According to Adrian Wojnarowski of Yahoo! Sports, Larry Brown is interested in taking the assistant coaching position left behind by Lawrence Frank in Boston. With Frank likely headed to Detroit to take the head coach opening there, Brown reportedly grew very interested in a short-term assistant deal where he could help Kevin Garnett, Paul Pierce, and Ray Allen fight for one last championship before that particular core falls apart.
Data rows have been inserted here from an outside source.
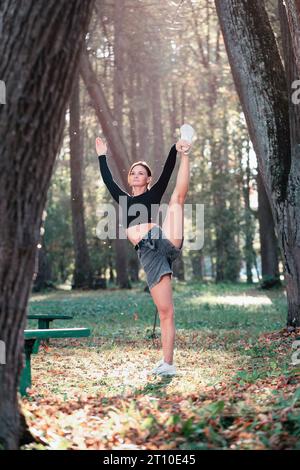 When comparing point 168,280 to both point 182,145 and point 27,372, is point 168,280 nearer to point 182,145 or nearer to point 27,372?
point 182,145

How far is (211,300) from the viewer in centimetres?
2306

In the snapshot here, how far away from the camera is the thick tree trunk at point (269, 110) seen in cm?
1139

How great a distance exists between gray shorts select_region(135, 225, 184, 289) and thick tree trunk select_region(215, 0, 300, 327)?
3260mm

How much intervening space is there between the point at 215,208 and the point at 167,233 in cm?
2963

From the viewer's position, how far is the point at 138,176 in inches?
344

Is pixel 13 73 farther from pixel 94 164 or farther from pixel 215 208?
pixel 94 164

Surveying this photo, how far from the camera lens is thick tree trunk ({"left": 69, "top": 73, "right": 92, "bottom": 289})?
28.4 meters

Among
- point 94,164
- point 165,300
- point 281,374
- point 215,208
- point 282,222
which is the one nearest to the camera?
point 281,374

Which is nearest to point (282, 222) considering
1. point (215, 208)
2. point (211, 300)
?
point (211, 300)

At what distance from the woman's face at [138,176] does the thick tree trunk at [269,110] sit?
3280 millimetres

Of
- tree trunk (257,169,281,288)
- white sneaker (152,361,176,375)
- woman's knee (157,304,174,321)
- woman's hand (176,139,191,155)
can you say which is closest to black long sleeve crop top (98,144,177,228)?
woman's hand (176,139,191,155) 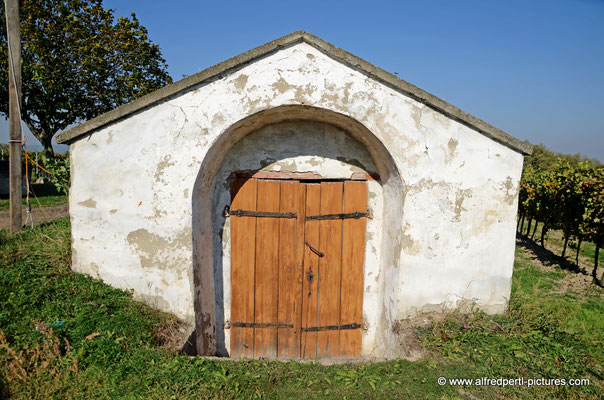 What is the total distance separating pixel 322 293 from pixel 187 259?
2.08 m

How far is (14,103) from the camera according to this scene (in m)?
5.73

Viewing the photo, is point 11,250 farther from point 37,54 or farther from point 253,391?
point 37,54

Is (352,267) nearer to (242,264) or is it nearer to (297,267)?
(297,267)

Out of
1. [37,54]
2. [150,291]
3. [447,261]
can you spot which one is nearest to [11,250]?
[150,291]

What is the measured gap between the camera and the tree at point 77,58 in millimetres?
13516

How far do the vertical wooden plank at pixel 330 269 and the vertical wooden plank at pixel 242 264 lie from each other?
102 centimetres

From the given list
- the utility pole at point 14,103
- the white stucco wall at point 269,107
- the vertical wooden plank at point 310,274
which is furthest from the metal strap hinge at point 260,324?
the utility pole at point 14,103

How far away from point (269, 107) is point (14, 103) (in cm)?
453

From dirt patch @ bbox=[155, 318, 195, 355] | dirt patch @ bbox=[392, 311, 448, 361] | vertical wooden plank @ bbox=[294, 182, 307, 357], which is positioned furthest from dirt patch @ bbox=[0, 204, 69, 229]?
dirt patch @ bbox=[392, 311, 448, 361]

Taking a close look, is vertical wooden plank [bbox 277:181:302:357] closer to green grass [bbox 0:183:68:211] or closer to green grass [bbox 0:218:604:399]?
green grass [bbox 0:218:604:399]

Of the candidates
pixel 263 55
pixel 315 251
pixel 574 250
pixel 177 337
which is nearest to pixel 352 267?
A: pixel 315 251

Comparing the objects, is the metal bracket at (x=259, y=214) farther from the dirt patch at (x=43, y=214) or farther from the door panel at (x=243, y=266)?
the dirt patch at (x=43, y=214)

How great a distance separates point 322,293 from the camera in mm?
5320

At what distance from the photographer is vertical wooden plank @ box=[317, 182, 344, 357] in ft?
17.1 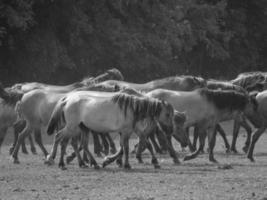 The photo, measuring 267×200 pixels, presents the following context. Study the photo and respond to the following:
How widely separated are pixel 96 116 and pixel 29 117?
3.04 m

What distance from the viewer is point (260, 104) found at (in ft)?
63.9

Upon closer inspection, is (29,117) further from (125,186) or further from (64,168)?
(125,186)

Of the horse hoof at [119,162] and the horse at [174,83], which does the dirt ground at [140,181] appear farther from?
the horse at [174,83]

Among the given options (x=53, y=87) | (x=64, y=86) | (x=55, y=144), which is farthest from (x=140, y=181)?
(x=64, y=86)

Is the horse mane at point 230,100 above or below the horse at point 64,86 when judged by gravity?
below

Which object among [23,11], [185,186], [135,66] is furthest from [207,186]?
[135,66]

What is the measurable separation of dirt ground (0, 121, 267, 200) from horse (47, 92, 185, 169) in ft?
2.10

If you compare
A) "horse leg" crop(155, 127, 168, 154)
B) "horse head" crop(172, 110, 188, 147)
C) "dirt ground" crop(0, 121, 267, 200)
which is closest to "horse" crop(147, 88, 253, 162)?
"horse head" crop(172, 110, 188, 147)

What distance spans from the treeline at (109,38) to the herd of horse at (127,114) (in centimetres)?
1196

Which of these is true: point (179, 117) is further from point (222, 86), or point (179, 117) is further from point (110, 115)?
point (222, 86)

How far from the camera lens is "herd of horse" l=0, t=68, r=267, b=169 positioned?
16.8 meters

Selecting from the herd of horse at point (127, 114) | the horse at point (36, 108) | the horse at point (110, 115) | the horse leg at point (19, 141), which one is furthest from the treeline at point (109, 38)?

That’s not likely to happen, however, as Mike Longabardi seems to be the Celtics assistant coach tagged for the bump to lead assistant, leaving us to wonder what will ultimately happen with Larry Brown later this year?
Remember, he was fired from the Bobcats in the middle of last season, and since that point has been connected to college jobs at UNLV, Oklahoma, Missouri, and Penn State. Of course, a lot of those “connections” were his own doing; rather than these schools showing real interest in the 70-year-old coaching legend, Brown simply made it known he wouldn’t mind coaching those schools.
Universities were turned off by the idea that Brown wouldn’t be staying long, and probably wouldn’t want to make too much of an effort towards building a real system. In the NBA, however, there’s no system to build, so one would think that Brown could find himself a spot somewhere, especially if he’s open to taking an assistant’s job.
If teams are looking for longer-term solutions, however, it’d be hard to commit to Brown, notorious for growing bored quickly with even the best of situations.
Clearly, he’s interested in working next season, but if it’s not going to be a college program and it’s not going to be Boston, one has to wonder where he’ll end up. If he’s this motivated to get himself a job, chances are he’ll eventually end up with one. The bigger question might not be why he’s still so unemployed, but rather, why isn’t a coach with his resume in higher demand?